BEIJING, Aug. 7 (Xinhua) -- China's new policy on
overseas investment in the property sector aims to shut the gates on hot
speculative money from overseas, a spokesperson for the Ministry of Construction
said here Monday.
"China's land resources are scarce
and its population huge. Anyone can see that China faces land constraints. We
must take a long-term view and step up supervision of property investment by
overseas institutions and individuals," the spokesperson said in an exclusive
statement to Xinhua.
This is the first time Chinese officials have spoken
out on the new policy since it was promulgated in mid-July.
The current chaos in the property market has obliged
the government to intervene, the spokesperson said. Overseas institutions and
individuals are highly active in the market, he said, but there are no clear
rules and standards to regulate their presence.

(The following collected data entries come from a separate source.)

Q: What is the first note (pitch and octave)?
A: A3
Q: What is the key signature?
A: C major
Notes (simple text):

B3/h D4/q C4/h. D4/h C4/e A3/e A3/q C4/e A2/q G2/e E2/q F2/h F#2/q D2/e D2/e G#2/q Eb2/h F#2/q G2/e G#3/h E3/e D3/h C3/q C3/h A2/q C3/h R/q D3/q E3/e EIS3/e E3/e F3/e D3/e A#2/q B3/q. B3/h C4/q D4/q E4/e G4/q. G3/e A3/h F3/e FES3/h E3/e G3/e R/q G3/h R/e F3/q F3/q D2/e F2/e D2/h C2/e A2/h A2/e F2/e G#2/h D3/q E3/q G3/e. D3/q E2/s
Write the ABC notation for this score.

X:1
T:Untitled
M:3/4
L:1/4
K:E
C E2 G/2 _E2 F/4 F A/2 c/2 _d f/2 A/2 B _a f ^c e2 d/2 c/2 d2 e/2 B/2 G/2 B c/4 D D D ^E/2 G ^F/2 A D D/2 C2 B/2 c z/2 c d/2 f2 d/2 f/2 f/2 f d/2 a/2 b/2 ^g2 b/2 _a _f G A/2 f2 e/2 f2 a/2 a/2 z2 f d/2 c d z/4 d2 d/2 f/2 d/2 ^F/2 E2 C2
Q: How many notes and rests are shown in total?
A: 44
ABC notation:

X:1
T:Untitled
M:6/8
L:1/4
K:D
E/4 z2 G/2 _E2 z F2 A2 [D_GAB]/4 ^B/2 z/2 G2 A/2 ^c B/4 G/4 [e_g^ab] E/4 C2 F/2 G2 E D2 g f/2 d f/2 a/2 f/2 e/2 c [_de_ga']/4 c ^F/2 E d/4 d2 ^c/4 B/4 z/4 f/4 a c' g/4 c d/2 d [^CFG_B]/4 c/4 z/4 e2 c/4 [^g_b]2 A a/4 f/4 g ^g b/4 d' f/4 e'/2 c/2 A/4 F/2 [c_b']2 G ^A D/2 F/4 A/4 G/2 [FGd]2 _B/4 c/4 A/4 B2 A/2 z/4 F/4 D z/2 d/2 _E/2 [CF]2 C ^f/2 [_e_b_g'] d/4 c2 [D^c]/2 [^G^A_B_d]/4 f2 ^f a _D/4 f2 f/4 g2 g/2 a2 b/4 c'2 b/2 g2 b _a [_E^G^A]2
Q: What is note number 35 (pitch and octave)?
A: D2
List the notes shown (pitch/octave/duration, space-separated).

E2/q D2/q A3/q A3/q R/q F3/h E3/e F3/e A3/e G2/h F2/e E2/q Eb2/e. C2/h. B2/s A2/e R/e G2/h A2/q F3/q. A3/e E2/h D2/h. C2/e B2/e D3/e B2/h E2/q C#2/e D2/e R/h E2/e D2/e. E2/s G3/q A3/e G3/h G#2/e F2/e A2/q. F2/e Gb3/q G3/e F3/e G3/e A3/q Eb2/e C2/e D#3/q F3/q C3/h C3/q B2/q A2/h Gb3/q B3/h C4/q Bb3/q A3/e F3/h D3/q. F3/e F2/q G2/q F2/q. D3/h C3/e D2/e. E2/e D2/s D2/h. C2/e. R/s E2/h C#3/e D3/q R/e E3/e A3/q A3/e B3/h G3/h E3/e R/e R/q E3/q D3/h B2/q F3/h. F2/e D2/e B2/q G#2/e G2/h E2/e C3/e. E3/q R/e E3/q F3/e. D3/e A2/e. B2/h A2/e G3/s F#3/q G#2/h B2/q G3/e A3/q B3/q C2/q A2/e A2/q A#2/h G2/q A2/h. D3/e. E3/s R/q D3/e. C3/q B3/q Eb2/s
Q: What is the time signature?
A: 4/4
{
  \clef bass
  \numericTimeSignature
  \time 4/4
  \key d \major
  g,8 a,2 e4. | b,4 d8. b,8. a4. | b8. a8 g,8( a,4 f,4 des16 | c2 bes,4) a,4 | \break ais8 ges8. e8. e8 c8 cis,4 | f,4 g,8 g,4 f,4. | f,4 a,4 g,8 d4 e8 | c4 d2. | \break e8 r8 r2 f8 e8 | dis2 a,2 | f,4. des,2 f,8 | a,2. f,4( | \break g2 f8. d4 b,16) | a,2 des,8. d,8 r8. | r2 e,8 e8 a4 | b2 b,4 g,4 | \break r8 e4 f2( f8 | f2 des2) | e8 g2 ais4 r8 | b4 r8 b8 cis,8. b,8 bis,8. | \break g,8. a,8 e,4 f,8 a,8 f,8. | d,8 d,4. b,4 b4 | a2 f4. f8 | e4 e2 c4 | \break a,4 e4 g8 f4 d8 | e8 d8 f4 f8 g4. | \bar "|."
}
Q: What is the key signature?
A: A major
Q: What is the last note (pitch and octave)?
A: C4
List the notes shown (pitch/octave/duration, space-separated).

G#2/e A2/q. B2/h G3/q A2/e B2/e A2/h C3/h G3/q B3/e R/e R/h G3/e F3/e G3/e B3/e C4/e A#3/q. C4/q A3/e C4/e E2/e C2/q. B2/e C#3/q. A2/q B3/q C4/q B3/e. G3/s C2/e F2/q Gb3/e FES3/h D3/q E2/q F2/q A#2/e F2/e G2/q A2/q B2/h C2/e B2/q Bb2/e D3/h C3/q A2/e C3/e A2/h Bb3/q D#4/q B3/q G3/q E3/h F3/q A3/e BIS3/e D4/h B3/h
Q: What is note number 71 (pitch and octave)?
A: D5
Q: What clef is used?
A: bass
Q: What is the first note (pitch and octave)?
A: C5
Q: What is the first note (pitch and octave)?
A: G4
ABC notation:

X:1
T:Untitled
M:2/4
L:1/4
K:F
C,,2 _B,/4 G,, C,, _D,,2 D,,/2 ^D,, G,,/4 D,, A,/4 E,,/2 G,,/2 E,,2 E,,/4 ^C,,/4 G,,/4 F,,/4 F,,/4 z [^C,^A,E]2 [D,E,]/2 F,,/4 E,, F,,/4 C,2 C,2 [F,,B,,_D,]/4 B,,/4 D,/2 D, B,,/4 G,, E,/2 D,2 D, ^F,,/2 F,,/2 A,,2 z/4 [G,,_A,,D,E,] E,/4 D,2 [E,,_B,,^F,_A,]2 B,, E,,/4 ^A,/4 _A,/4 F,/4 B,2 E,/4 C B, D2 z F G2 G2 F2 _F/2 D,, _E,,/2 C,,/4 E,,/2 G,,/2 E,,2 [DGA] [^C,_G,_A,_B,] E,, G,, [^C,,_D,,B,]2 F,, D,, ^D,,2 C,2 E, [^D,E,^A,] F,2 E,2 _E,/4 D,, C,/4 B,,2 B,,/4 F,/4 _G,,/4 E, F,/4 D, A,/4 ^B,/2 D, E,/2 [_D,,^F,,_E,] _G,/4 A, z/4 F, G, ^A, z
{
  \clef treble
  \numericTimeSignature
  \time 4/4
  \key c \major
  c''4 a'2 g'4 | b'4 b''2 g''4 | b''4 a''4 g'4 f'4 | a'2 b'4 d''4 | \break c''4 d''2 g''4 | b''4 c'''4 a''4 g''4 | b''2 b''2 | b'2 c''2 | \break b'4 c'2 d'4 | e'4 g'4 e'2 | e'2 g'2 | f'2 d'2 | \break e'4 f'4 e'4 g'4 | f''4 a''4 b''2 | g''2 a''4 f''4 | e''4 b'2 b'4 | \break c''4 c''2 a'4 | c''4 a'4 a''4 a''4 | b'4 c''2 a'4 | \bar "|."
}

Under the new policy, overseas institutions must
produce documents approving their presence in China when buying properties for
their own use. These documents will be obligatory when they bring in foreign
currency or register their properties.
The spokesperson said this would also improve the
quality of market information available to authorities. Officials currently only
have a partial picture of the kind and volume of transactions that are being
carried out.
The new policy allows overseas residents who have
worked or studied in China for more than one year to buy one housing unit for
their own use. The spokesperson said these people are considered residents and
their economic activities are part of China's gross domestic product (GDP).
China is in the midst of a property boom, with
housing prices in major cities soaring despite massive housing development. The
new policy is part of the government's three-year efforts to rein in the
galloping market.
The new policy also tightened controls on overseas
investment in the property development sector.
To engage in the property development business,
overseas investors will have to register a new company in China and apply for
property development licenses.
Overseas investors who want to take over or acquire
stakes in Chinese property companies will have to pay the full price from their
capital reserves in one go. They will also have to deal satisfactorily with
employees and debts.
If they want to qualify for loans from Chinese or
foreign banks, overseas-financed property companies will first have to find 35
percent of the funds needed for a project from their own resources.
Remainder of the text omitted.